Microsoft still isn’t offering a clear answer on whether ARM-based Windows 8 computers will support the classic Windows desktop, but a recent blog post suggests that the company will.
The post, on Microsoft’s Building Windows 8 blog, is a rather technical discussion on power efficiency. Buried deep in the post, however, is a discussion of System on Chip (SoC) architectures, and how they can enter a state of “connected standby,” during which the computer runs on very low power while still receiving information. The blog discusses how Windows 8 will handle both desktop and Metro-style apps in connected standby.
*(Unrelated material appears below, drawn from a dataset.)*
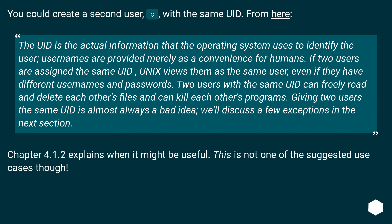Chapter 4.1.2 explains when it might be useful. This is not one of the suggested use cases, though.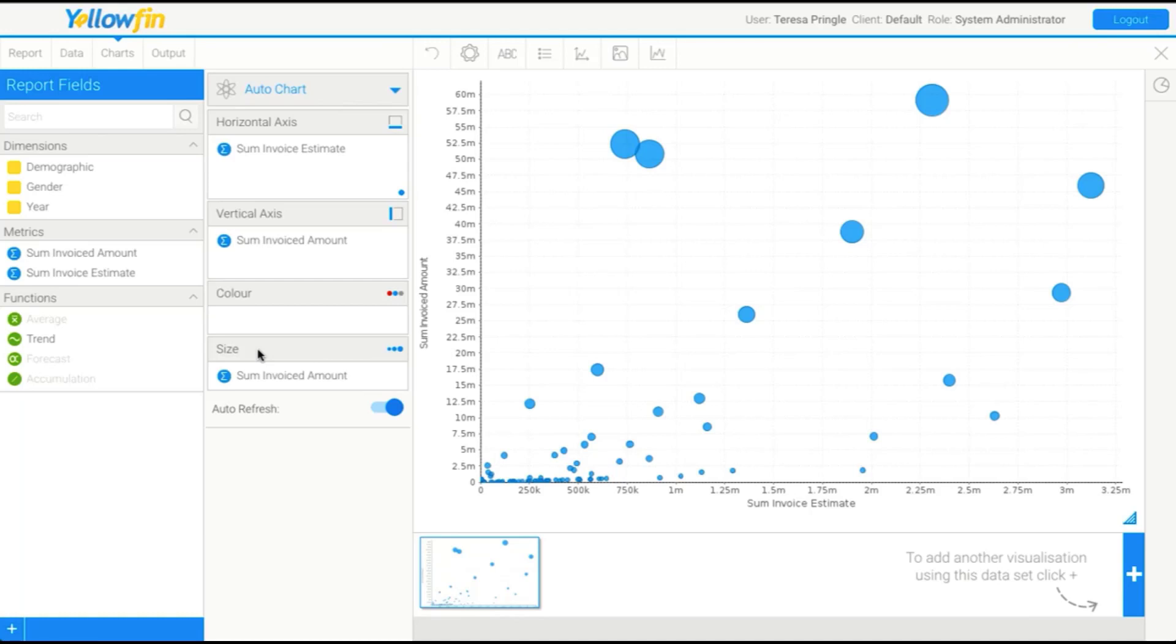When we've finished playing with the auto chart, the next thing we can do is add an additional chart. Instead of resetting this and saying we don't actually want that one, if we want to keep this, we can click the plus on the bottom right.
As ZDNet’s Mary Jo Foley points out, ARM-based devices use SoC architectures, so the fact that SoC devices will run both Metro-style and desktop apps suggests that ARM-based computers will support the Windows 8 desktop after all.
The issue isn’t cut and dry, though, because Intel is working on its own SoC solution, codenamed Medfield, using x86 architecture. Microsoft’s blog post may only be referring to whatever Intel is working on.
What’s the big deal about ARM-based PCs? Unlike current x86-based machines, which mainly use processors from Intel and AMD, ARM-based SoC devices generally draw less power and can wake from standby instantly. And as Microsoft’s blog post points out, SoC systems can enter a near-sleep state where they can still retrieve e-mails, text messages and other information. Although Intel’s Medfield SoC solution sounds promising, and would be able to run all Windows desktop applications, it’s not clear whether it’ll be tablet-ready in time for the launch of Windows 8.
At some point, Microsoft will need to offer clear answers on how the desktop will work on ARM-based Windows 8 devices, not just for techies, but for average folks who don’t care about the technical difference between system architectures. My guess is that the company is still trying to figure out the best possible explanation.